Crawled caption data:
□ □ □ □

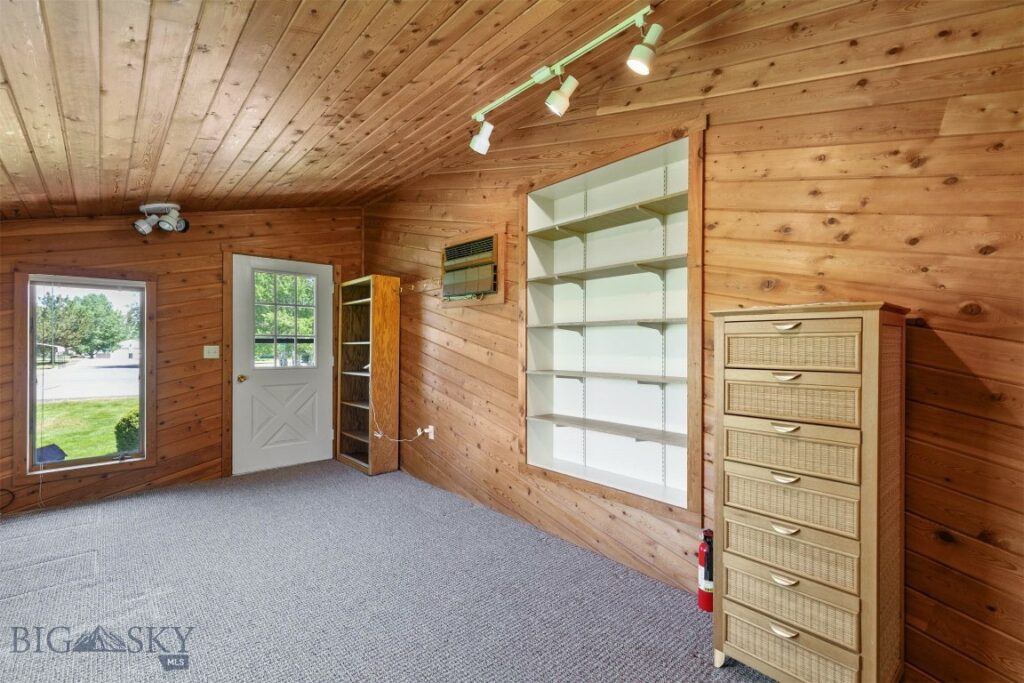 1385 Baldy Mountain Lane, Belgrade MT 59714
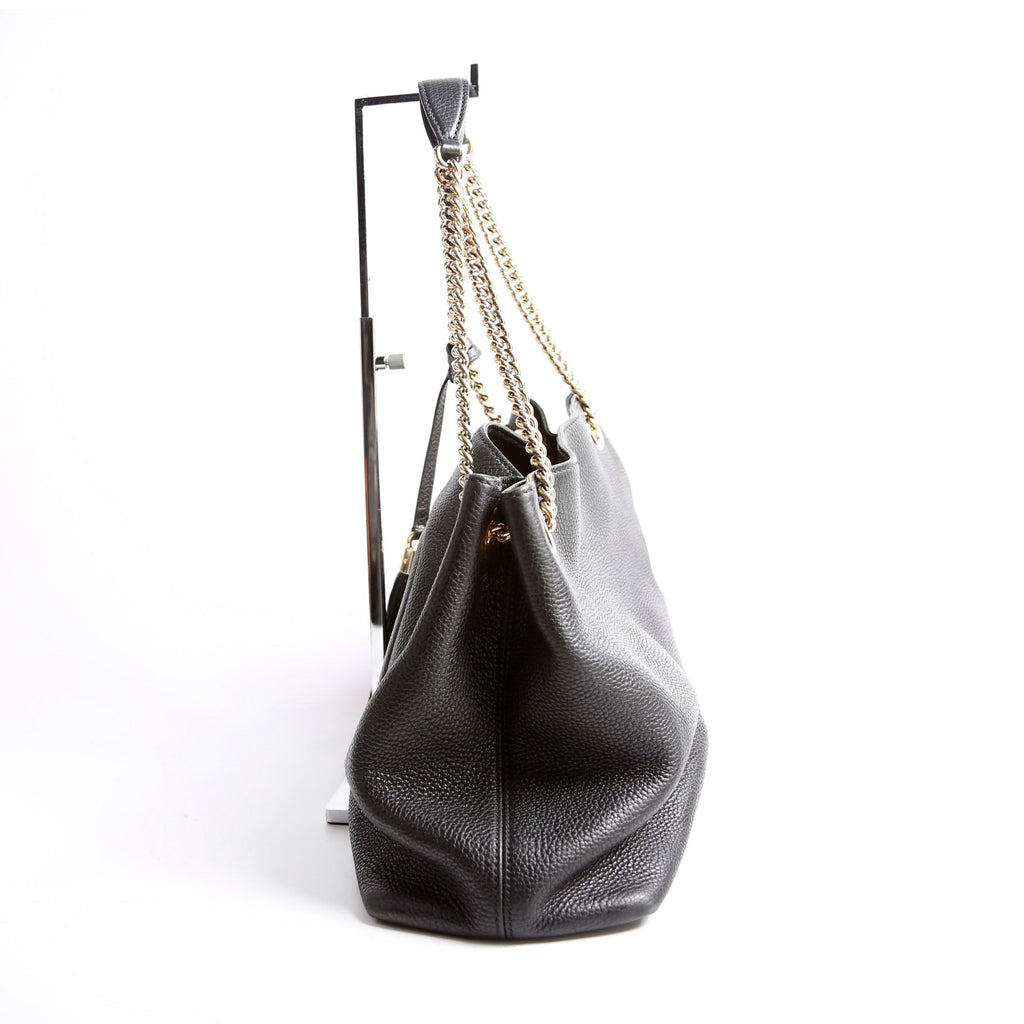 536196 Soho Chain Tote Newer Black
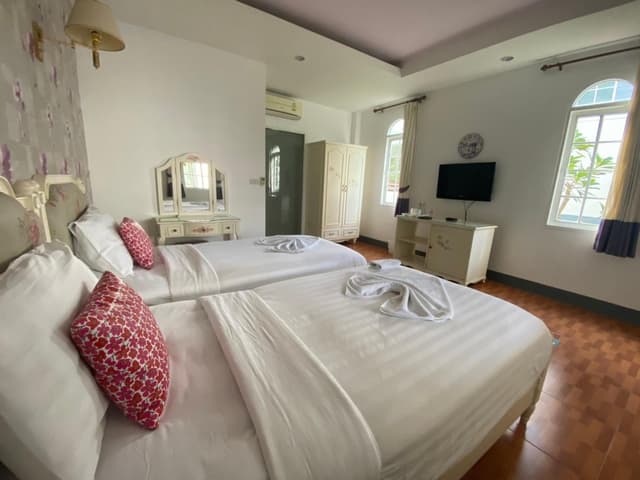 Deluxe Twin Room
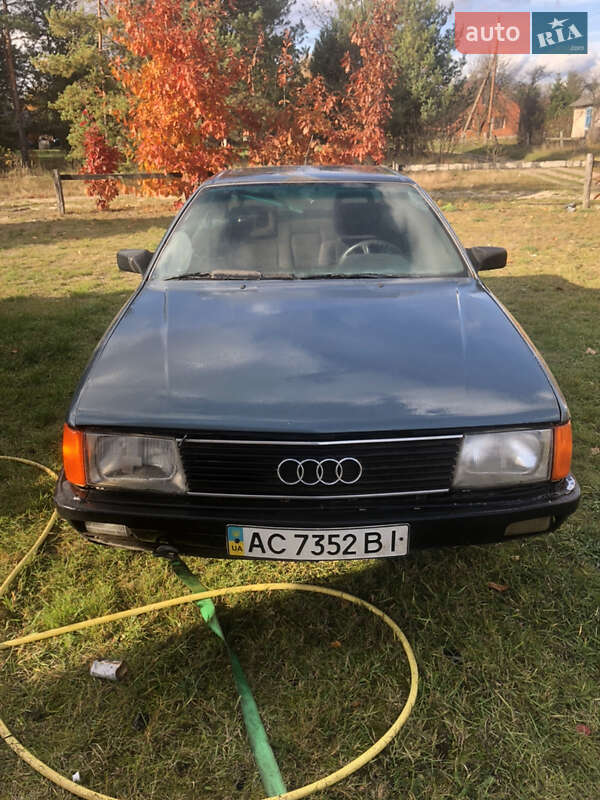 Седан Audi 100 1988 в Маневичах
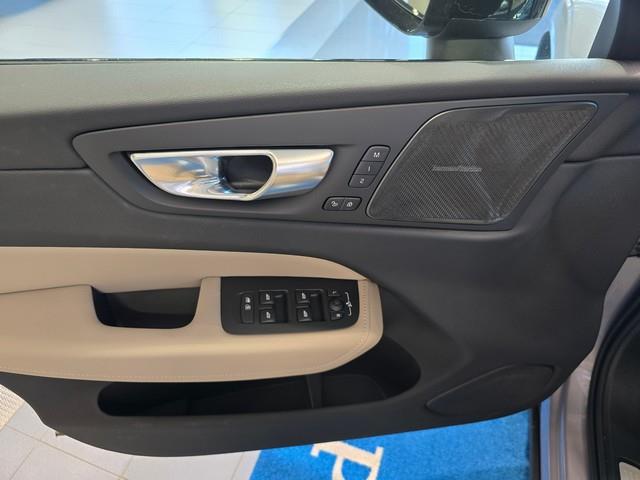 Volvo XC60 T8 AWD LONG RANGE ULTRA DARK.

□ □ □ □

◆ **ABOUT THIS EXERCISE**
Please return the lines from the line with "536196 Soho Chain Tote Newer Black" through the last line of the data, both included, exactly, and without pictures.

◆ **RESPONSE TO THIS EXERCISE**
 536196 Soho Chain Tote Newer Black
 Deluxe Twin Room
 Седан Audi 100 1988 в Маневичах
 Volvo XC60 T8 AWD LONG RANGE ULTRA DARK.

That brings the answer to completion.